The discovery of the planet by the team of Stéphane Udry University of Geneva's Observatory in Switzerland was announced on April 24, 2007. The team used the HARPS instrument (an echelle spectrograph) on the European Southern Observatory 3.6 m Telescope in La Silla, Chile, and employed the radial velocity technique to identify the planet's influence on the star. The Canadian-built MOST space telescope was used to conduct a follow-up study over the next six weeks.

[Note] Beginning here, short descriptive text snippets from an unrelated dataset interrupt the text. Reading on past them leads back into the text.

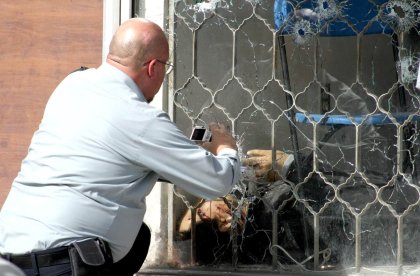 Inicialmente se pensó que la balacera, registrada a las 12:55 pm, había sido un asalto en la tienda ubicada en la avenida Hidalgo entre Degollado y Colón. De acuerdo con testigos, la encargada de la tienda se encontraba atendiendo a unos clientes que iban por un teléfono, cuando se dio el ataque, con al menos 40 disparos.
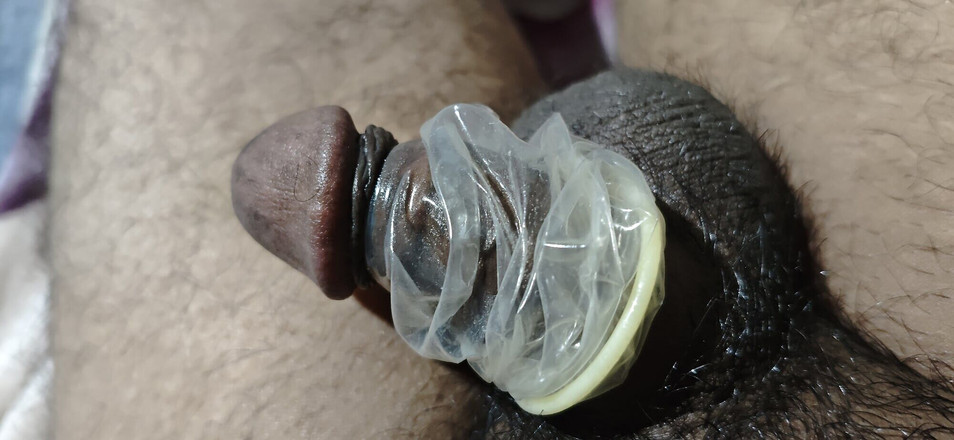 Hot Chilli 2025: 대물 자지를 사용하여 인형을 따먹는 방글라데시 아빠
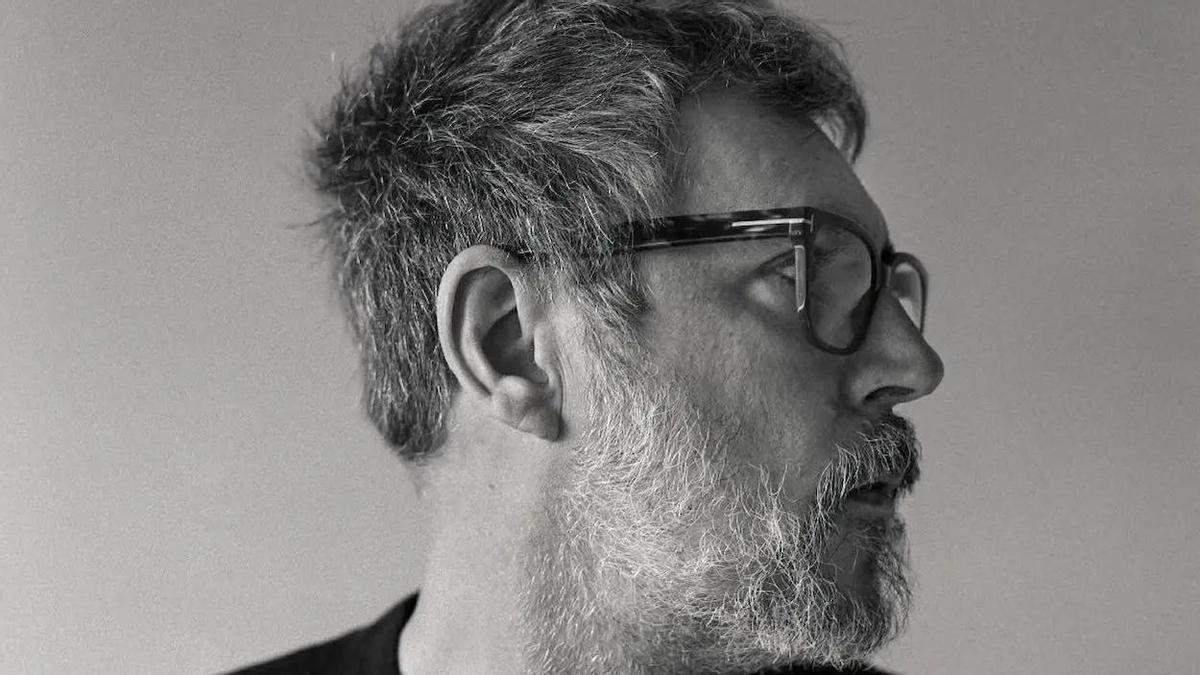 El cantautor gallego edita ‘Trinchera Pop’, su nuevo disco.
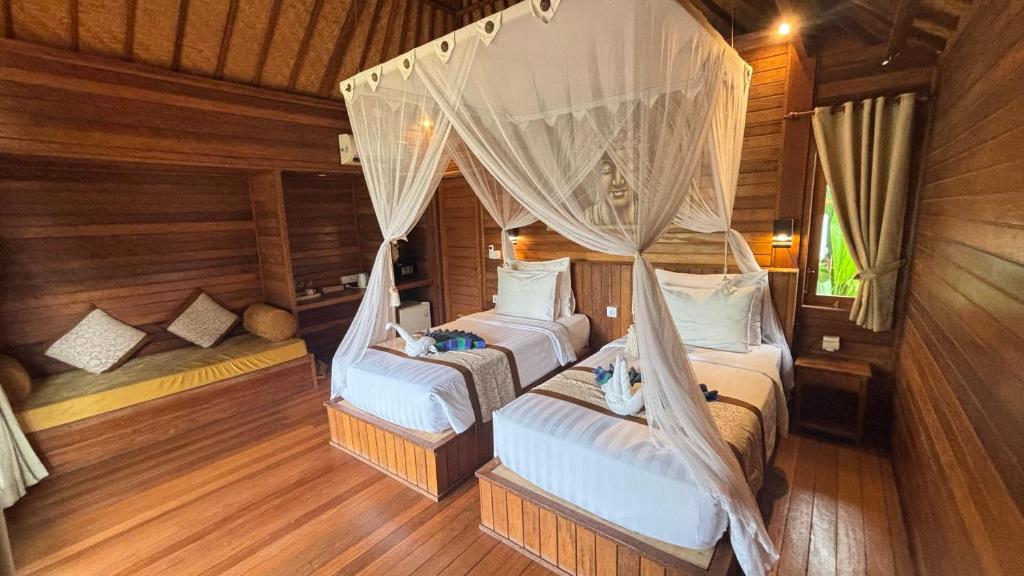 Gedong Nusa Huts - 1
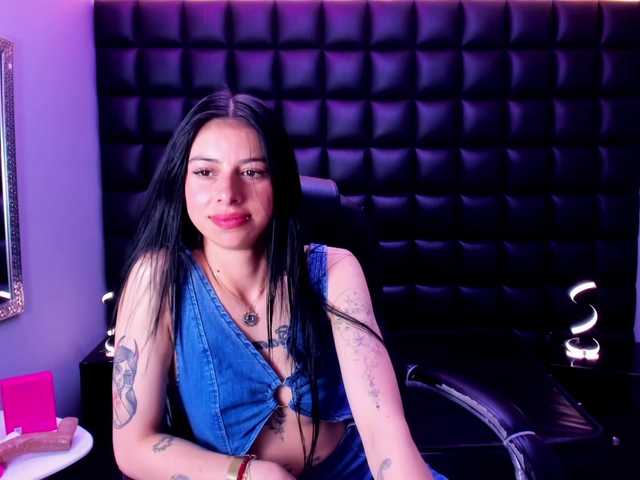 DulceMiiaa live cam on BongaCams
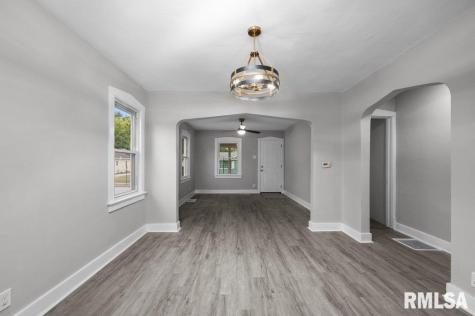 2519 29 1/2 Street Rock Island IL 61201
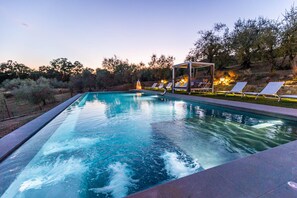 An infinity pool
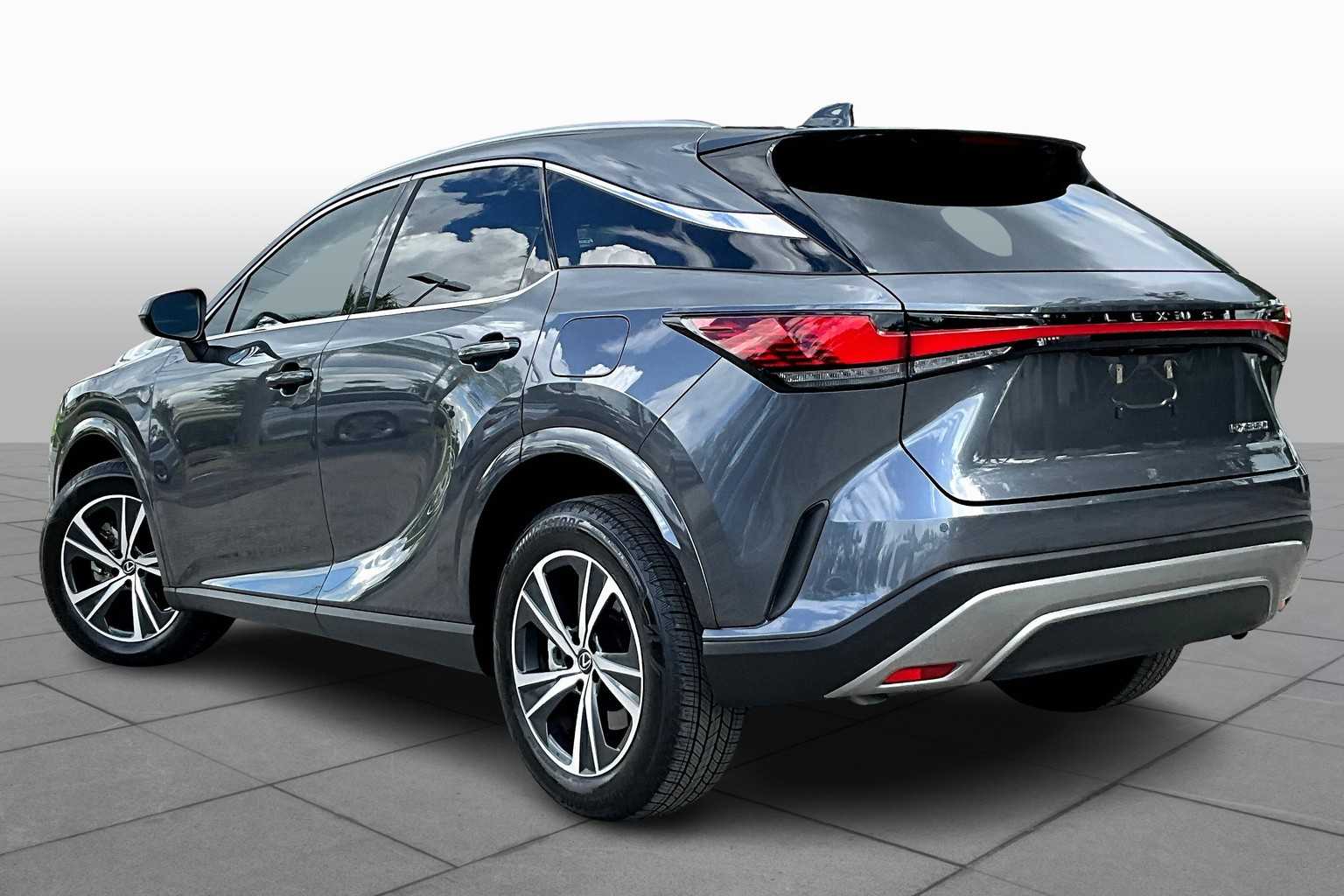 2024 Lexus RX Premium photo 11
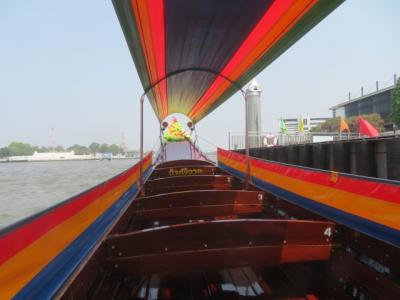 タイ　「行った所・見た所」　バンコクのチャオプラヤー川のター・チャーン船着場から水上タクシーに乗船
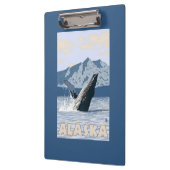 AlaskaHumpbackのクジラのヴィンテージ旅行ポスター クリップボード (左)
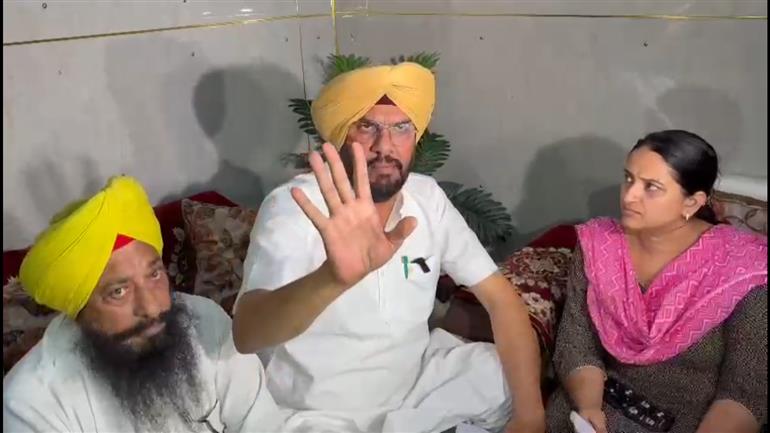 ਮੰਤਰੀ ਧਾਲੀਵਾਲ ਨੇ ਪੀੜਤ ਐਨਆਰਆਈ ਪਰਿਵਾਰ ਨਾਲ ਕੀਤੀ ਮੁਲਾਕਾਤ, ਇਨਸਾਫ਼ ਦਾ ਦਿੱਤਾ ਭਰੋਸਾ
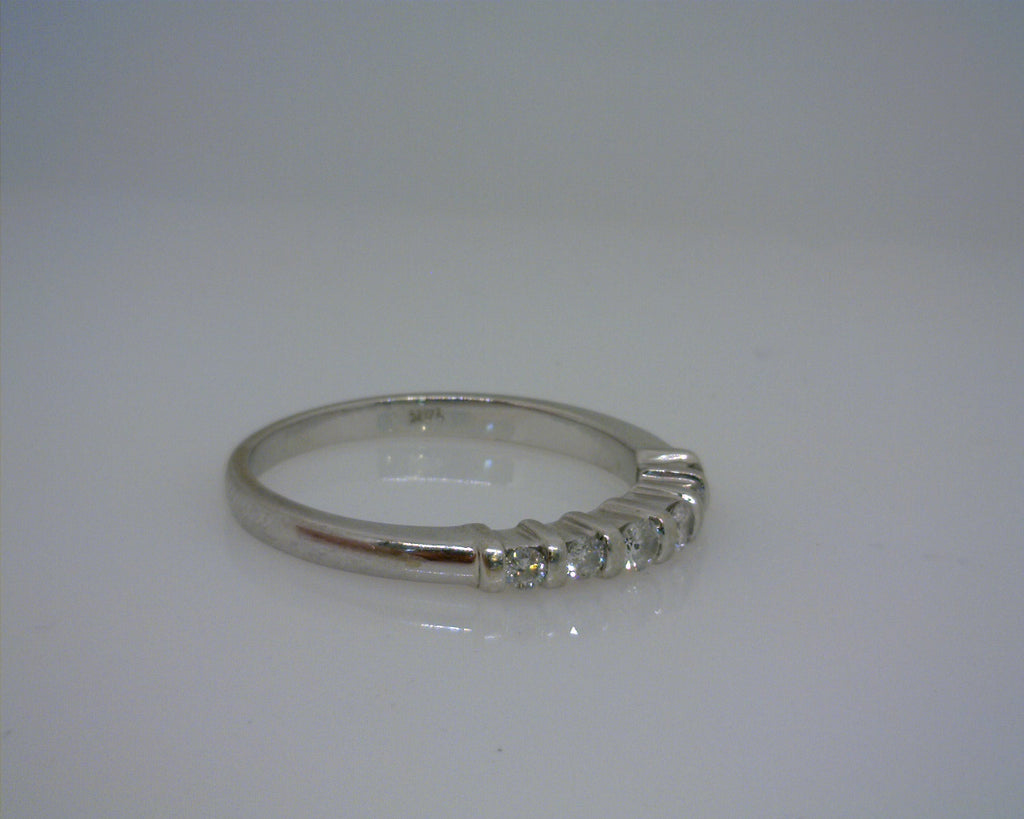 14K WG 5-STONE DIAMOND BAND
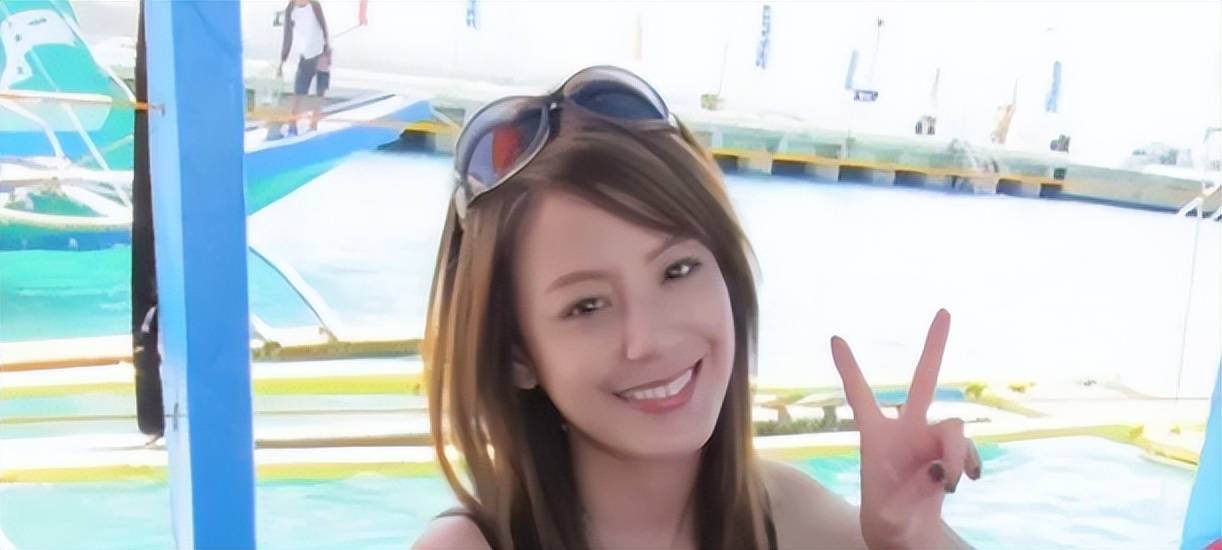 周杰伦前女友官宣离婚，暖心回复网友被夸，昆凌素颜现身日本潇洒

No transit was detected over this time, so a direct measurement of the planet has not yet been possible; however, the star's apparent magnitude changed very little, indicating that it provides a stable source of light and heat to Gliese 581 c.
The team released a paper of their findings dated April 27, 2007, published in the July, 2007 journal Astronomy and Astrophysics. In the paper they also announced the discovery of another planet in the system, Gliese 581 d, with a minimum mass of 7.7 Earth masses and a semi-major axis of 0.25 astronomical units.

Physical characteristics

The existence of Gliese 581 c and its mass have been measured by the radial velocity method of detecting extrasolar planets. The mass of a planet is calculated by the small periodic movements around a common centre of mass between the host star Gliese 581 and its planets. When all four planets are fit with a Keplerian solution, the minimum mass of the planet is determined to be 5.36 Earth masses.

Since Gliese 581 c has not been detected directly, there are no measurements of its radius. Furthermore, the radial velocity method used to detect it only puts a lower limit on the planet's mass, which means theoretical models of planetary radius and structure can only be of limited use. However, assuming a random orientation of the planet's orbit, the true mass is likely to be close to the measured minimum mass.

Scale comparison of the relative sizes of the Earth and Gliese 581c, assuming Gliese 581c is a rocky body with a mass close to the minimum mass determined by the radial velocity method.

Gliese 581 c has an orbital period ("year") of 13 Earth days and its orbital radius is only about 7% that of the Earth, about 11 million km, while the Earth is 150 million kilometres from the Sun. Since the host star is smaller and colder than the Sun—and thus less luminous—this distance places the planet on the "warm" edge of the habitable zone around the star according to Udry's team. Note that in astrophysics, the "habitable zone" is defined as the range of distances from the star at which a planet could support liquid water on its surface: it should not be taken to mean that the planet's environment would be suitable for humans, a situation which requires a more restrictive range of parameters. A typical radius for an M0 star of Gliese 581's age and metallicity is 0.00128 AU, against the sun's 0.00465 AU. This proximity means that the primary star should appear 3.75 times wider and 14 times larger in area for an observer on the planet's surface looking at the sky than the Sun appears to be from Earth's surface.

Habitability and Climate
The study of Gliese 581 c by the von Bloh et al. team has been quoted as concluding "The super-Earth Gl 581c is clearly outside the habitable zone, since it is too close to the star. "The study by Selsis et al. claims even "a planet in the habitable zone is not necessarily habitable" itself, and this planet "is outside what can be considered the conservative habitable zone" of the parent star, and further that if there was any water there and it was lost when the red dwarf was a strong X-ray and EUV emitter, it could have surface temperatures ranging from 700 K to 1000 K (427 to 727 °C). Temperature speculations by other scientists are based on the temperature of (and heat from) the parent star Gliese 581 and have been calculated without factoring in the wide margin of error (96 °C/K) for the star's temperature of 3432 K to 3528 K.

Planetary habitable zones of the Solar System and the Gliese 581 system compared.